_DATA EXTRACT_
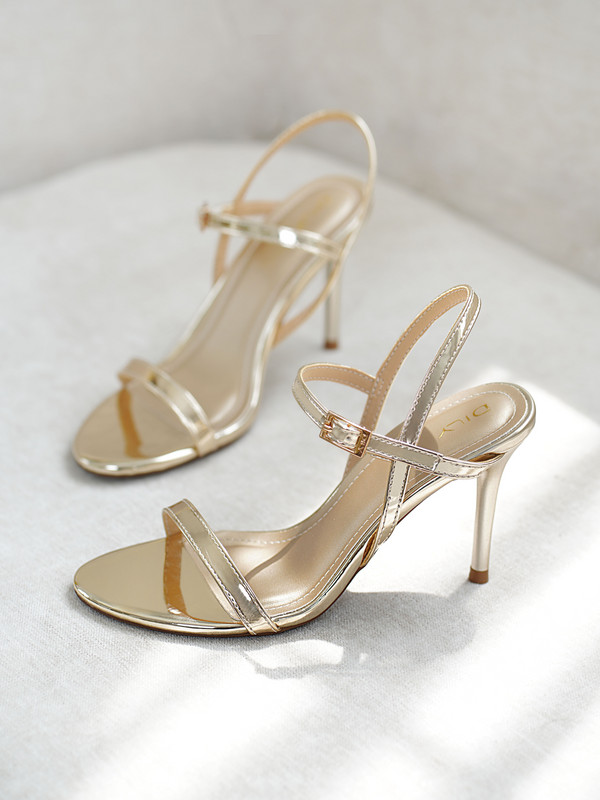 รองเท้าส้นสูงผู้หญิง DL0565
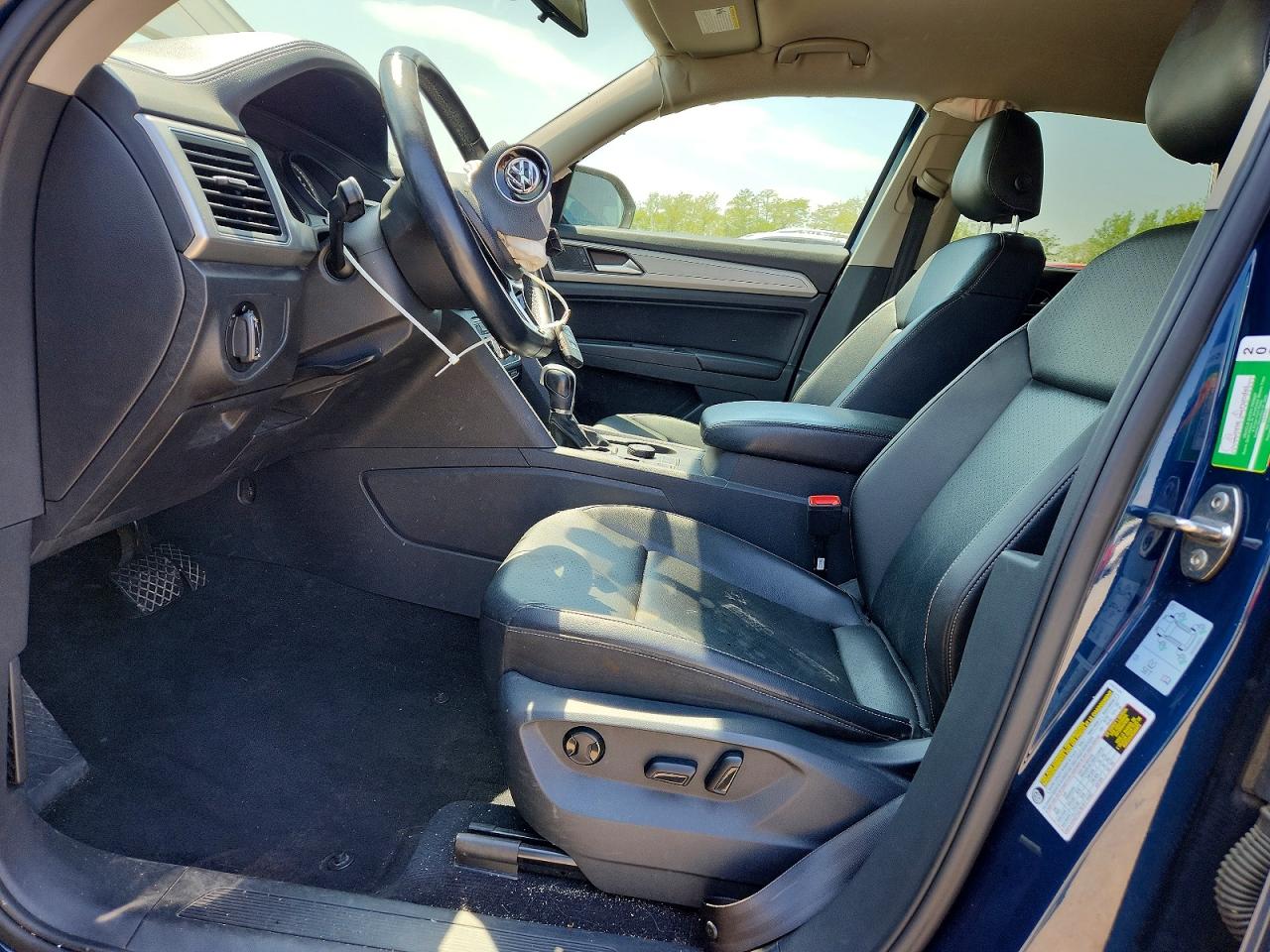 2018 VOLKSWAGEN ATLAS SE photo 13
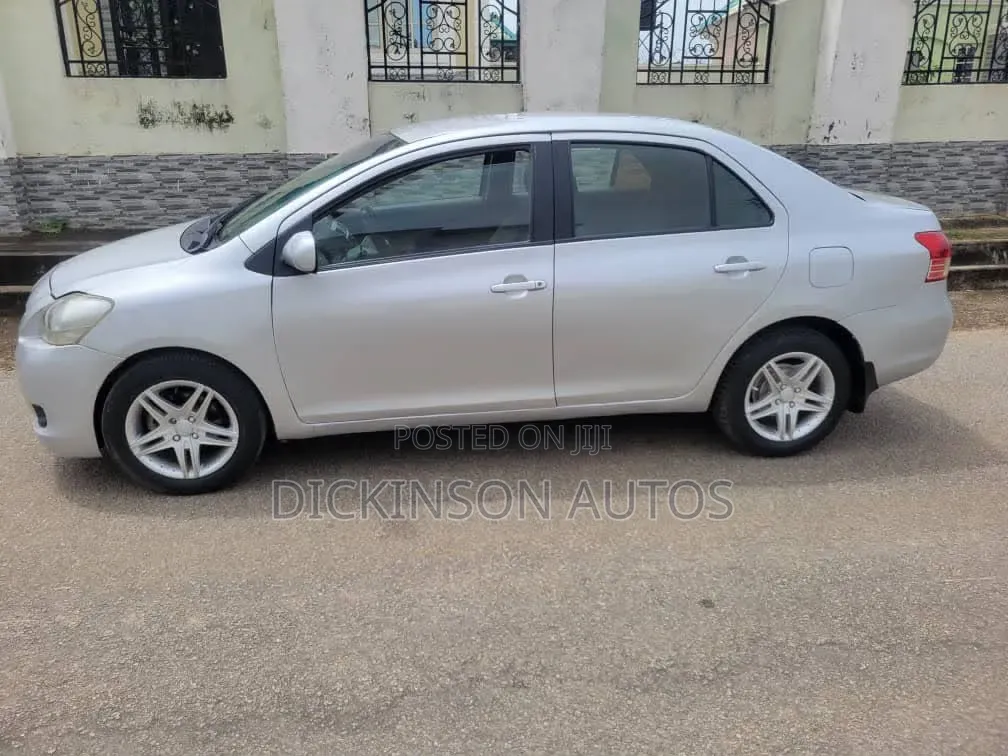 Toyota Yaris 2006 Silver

_YOUR INSTRUCTIONS_
Transcribe the whole listing exactly. Pictures stay out of your copy.

_FINISHED TASK_
 รองเท้าส้นสูงผู้หญิง DL0565
 2018 VOLKSWAGEN ATLAS SE photo 13
 Toyota Yaris 2006 Silver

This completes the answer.